With less schtick than Nzhia and less tourism-bull finesse than Mr. Hung, he’s been my favorite guide so far on a personal level. But as a guide he’s got a bit to learn. Yes, he made sure I got a full day of his time (we started at 8 am and ended around 6 pm), but a good portion of that time was me sitting around while he chit-chatted with the locals. And like Robin, my hill-tribe guide in Burma a few years ago, he was obsessed with asking the local women how old they are and how many children they had: 45 with 10, 38 with 6, 30 with 6, 40 with 9, etc.

He would also point out how “dirty” they were – kids without shoes, covered in dirt. Remember how I said I had yet to see real poverty in Vietnam? Well, here it is. The hill-tribe families subsist on their farming – rice, corn, manioc, sometimes other veggies or even rubber trees. The homes we visited were stripped of any sort of decoration. Often the house was just four brick walls with a concrete floor and no furnishings – not even the old calendars and bamboo mats I saw in the hill tribe village homes in Burma. They drink water from gourds, carry firewood or their harvest in bamboo backpacks, and often have only rice to eat, once a day.

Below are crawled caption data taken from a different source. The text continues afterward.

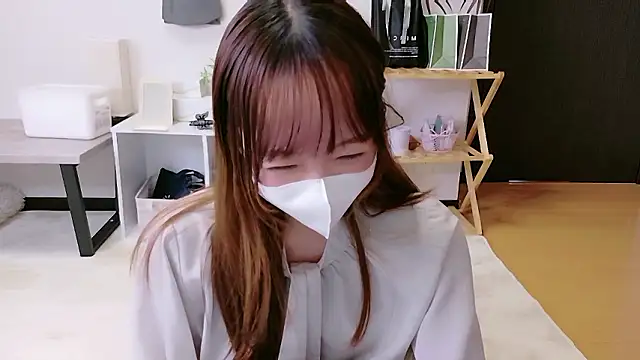 Snapshot of saku_sakura_ chatting on 10.26.25 saku sakura online show from 10.26.25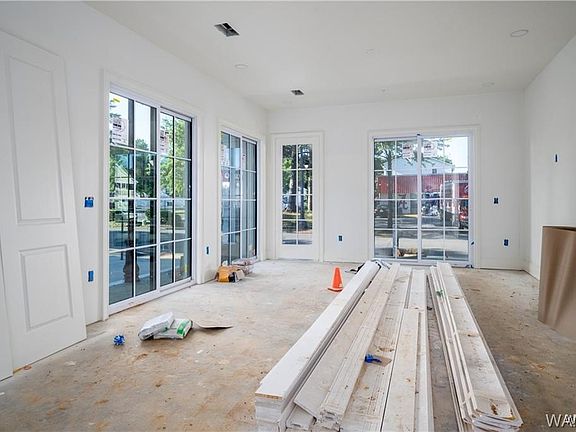 5th image of 1300 Paul W Bryant Dr #200
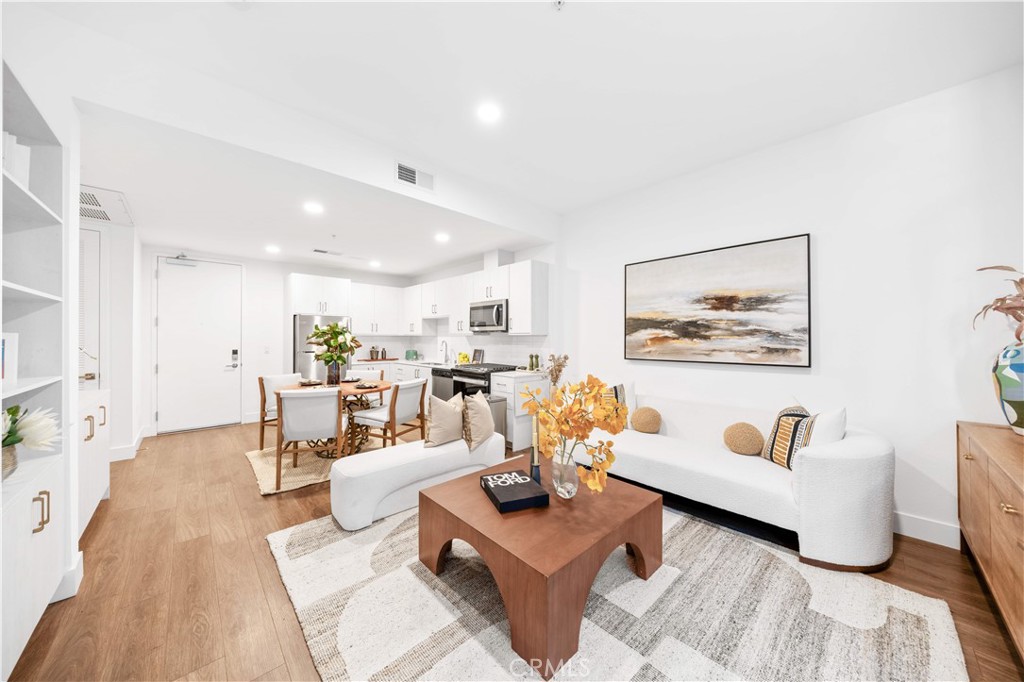 709 E Walnut Street 222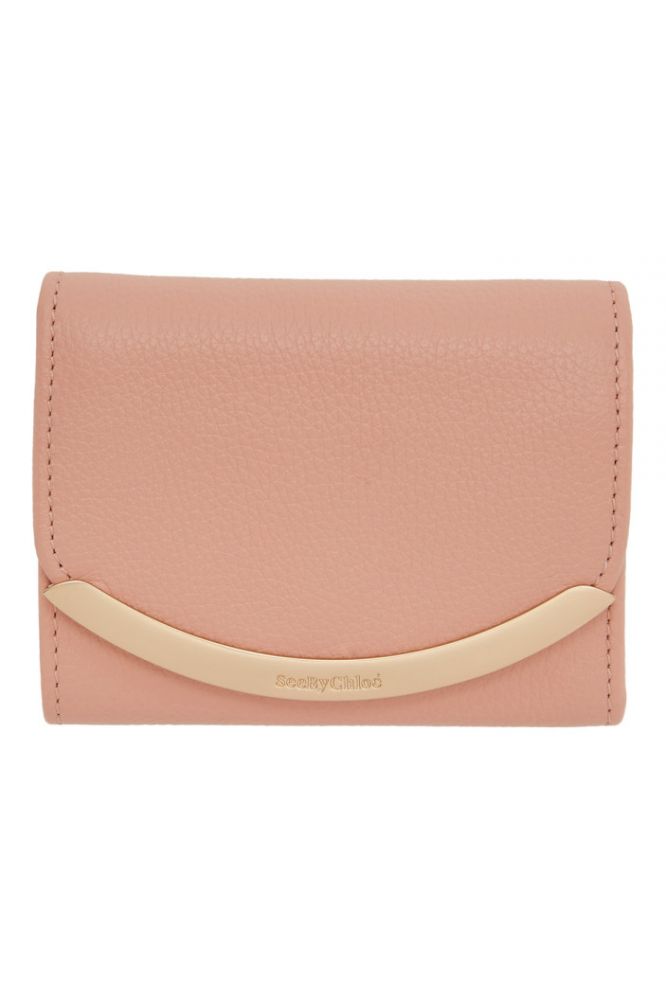 SEE BY CHLOÉ Pink Lizzie Compact Trifold Wallet 原價 HK$ 1490 | 51% OFF 優惠價 HK$ 730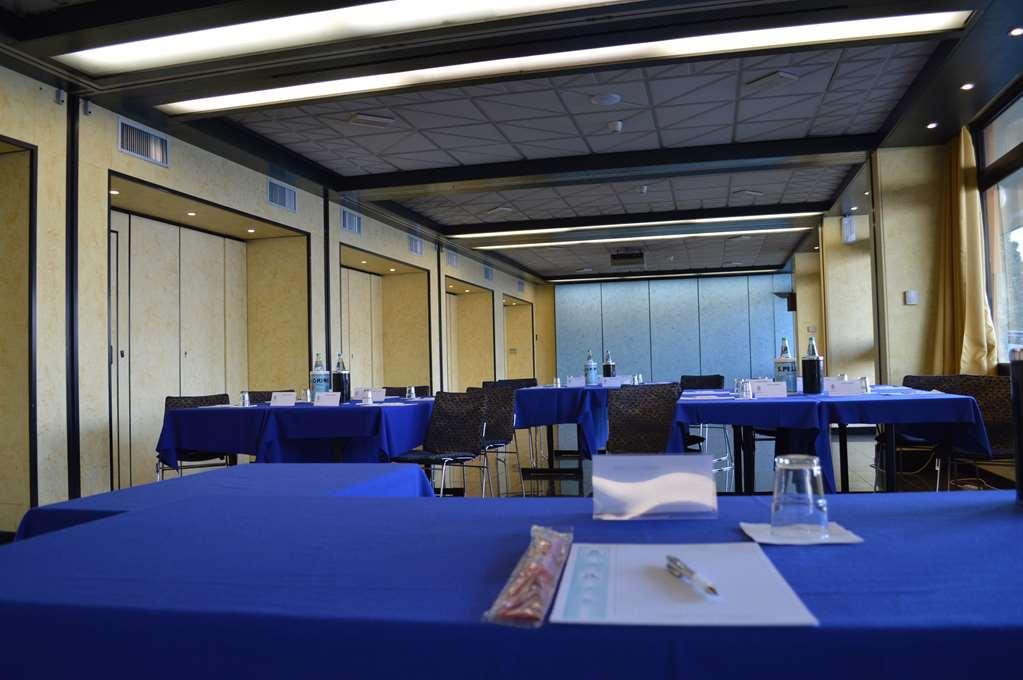 Hotel Concorde Arona Konforlar fotoğraf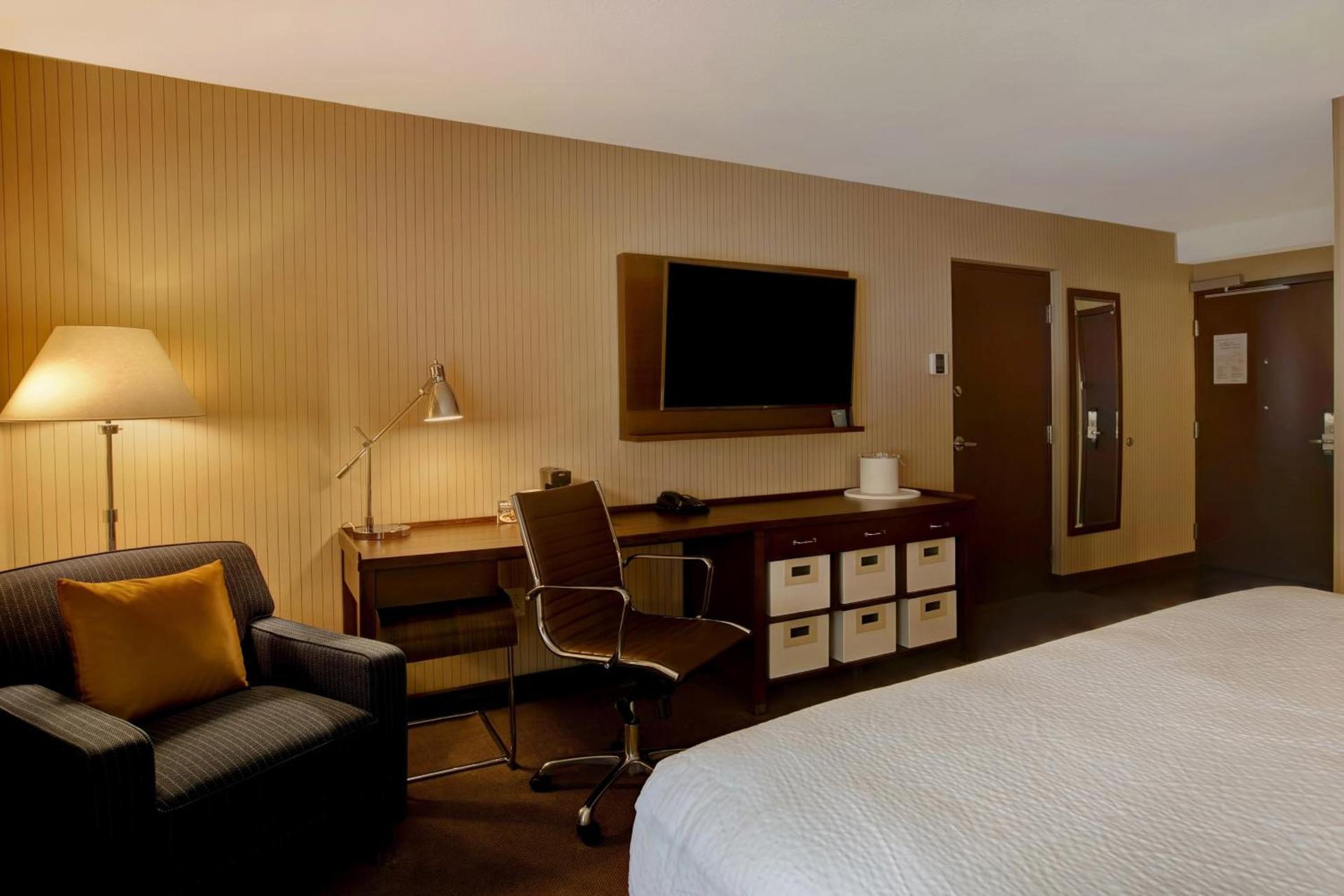 Four Points by Sheraton Peoria photo 31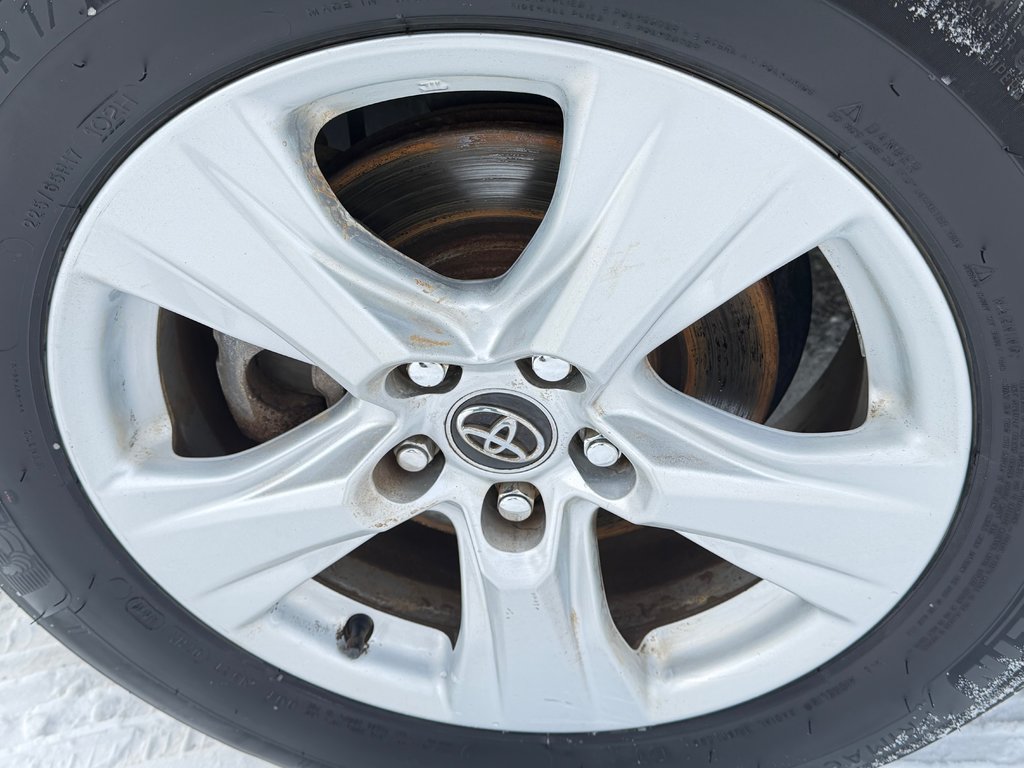 Toyota RAV4 XLE AWD / LE MOINS CHER AU QUÉBEC / T' ATTENDS QUOI ??? / 2020 à Thetford Mines, Québec - 15 - w1024h768px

They are also fiercely independent. “They are like the Americans and French,” says Jean. “They like their freedom, and do what they want.” He said so bitterly, unhappy that the minorities don’t have to pay for farmland and tribal land, unlike ethnic Vietnamese. But I’d bet he wouldn’t trade places with a single one of the families.

Brrrrr

I’m actually cold – cold! – for the first time in about a year. And I love it. I’m in Dalat, the honeymoon and kitsch capital of Vietnam. I decided to skip the well-traveled coastal road and go north via the Central Highlands. Which explains the cool weather: we’re about 1500 meters above sea level.

Most people travel the highlands by hiring an Easy Rider – a loose collection of Vietnamese tour guides who sling you onto the back of their motorbikes and drive you wherever you want to go. Many people do 4-6 day trips with these guys. I opted for just a one-day tour around Dalat, for two reasons. First, I don’t have the time – I want to save enough time to explore Sapa, northwest of Hanoi. Second, the going rate is around $50-100 per day – pretty reasonable, if you consider that you get a personal tour guide, transport, meals, accommodation, etc. But I wanna save that money for Sapa.

The first thing I noticed about Dalat is that people smile a lot more here than they do in Saigon. I suppose that’s a big city/town thing, but I suspect it’s also the weather. I did the Dalat tour with Mr. Hung (I kid you not), a charming 50-something Dalat native who’s been an Easy Rider for about 5 years. It’s hard to see much of interest around Dalat in just one day, but just the ride along winding roads through the pine-forested hills made the $25 for the day worth it. A perfect, sunny day.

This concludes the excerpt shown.